##### Excerpted records #####
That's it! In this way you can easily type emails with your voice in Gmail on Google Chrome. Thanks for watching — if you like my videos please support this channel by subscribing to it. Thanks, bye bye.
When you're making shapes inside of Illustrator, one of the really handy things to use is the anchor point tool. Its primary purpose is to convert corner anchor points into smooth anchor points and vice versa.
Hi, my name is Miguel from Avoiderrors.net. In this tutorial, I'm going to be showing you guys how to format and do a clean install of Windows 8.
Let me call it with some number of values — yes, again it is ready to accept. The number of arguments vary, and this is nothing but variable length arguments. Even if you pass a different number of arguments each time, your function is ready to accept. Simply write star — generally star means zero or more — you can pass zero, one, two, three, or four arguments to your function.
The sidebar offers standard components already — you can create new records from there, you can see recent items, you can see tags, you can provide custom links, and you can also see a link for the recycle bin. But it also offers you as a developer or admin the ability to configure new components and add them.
#####
##### Excerpted records #####
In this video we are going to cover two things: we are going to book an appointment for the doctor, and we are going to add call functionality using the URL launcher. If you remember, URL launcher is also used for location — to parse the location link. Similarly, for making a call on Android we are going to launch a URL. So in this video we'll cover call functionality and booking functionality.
#####
- **Problem**
Output the lines of the records above exactly as they appear, from the line containing "That's it! In" through the line containing "The sidebar offers".

- **Exercise result**
That's it! In this way you can easily type emails with your voice in Gmail on Google Chrome. Thanks for watching — if you like my videos please support this channel by subscribing to it. Thanks, bye bye.
When you're making shapes inside of Illustrator, one of the really handy things to use is the anchor point tool. Its primary purpose is to convert corner anchor points into smooth anchor points and vice versa.
Hi, my name is Miguel from Avoiderrors.net. In this tutorial, I'm going to be showing you guys how to format and do a clean install of Windows 8.
Let me call it with some number of values — yes, again it is ready to accept. The number of arguments vary, and this is nothing but variable length arguments. Even if you pass a different number of arguments each time, your function is ready to accept. Simply write star — generally star means zero or more — you can pass zero, one, two, three, or four arguments to your function.
The sidebar offers standard components already — you can create new records from there, you can see recent items, you can see tags, you can provide custom links, and you can also see a link for the recycle bin. But it also offers you as a developer or admin the ability to configure new components and add them.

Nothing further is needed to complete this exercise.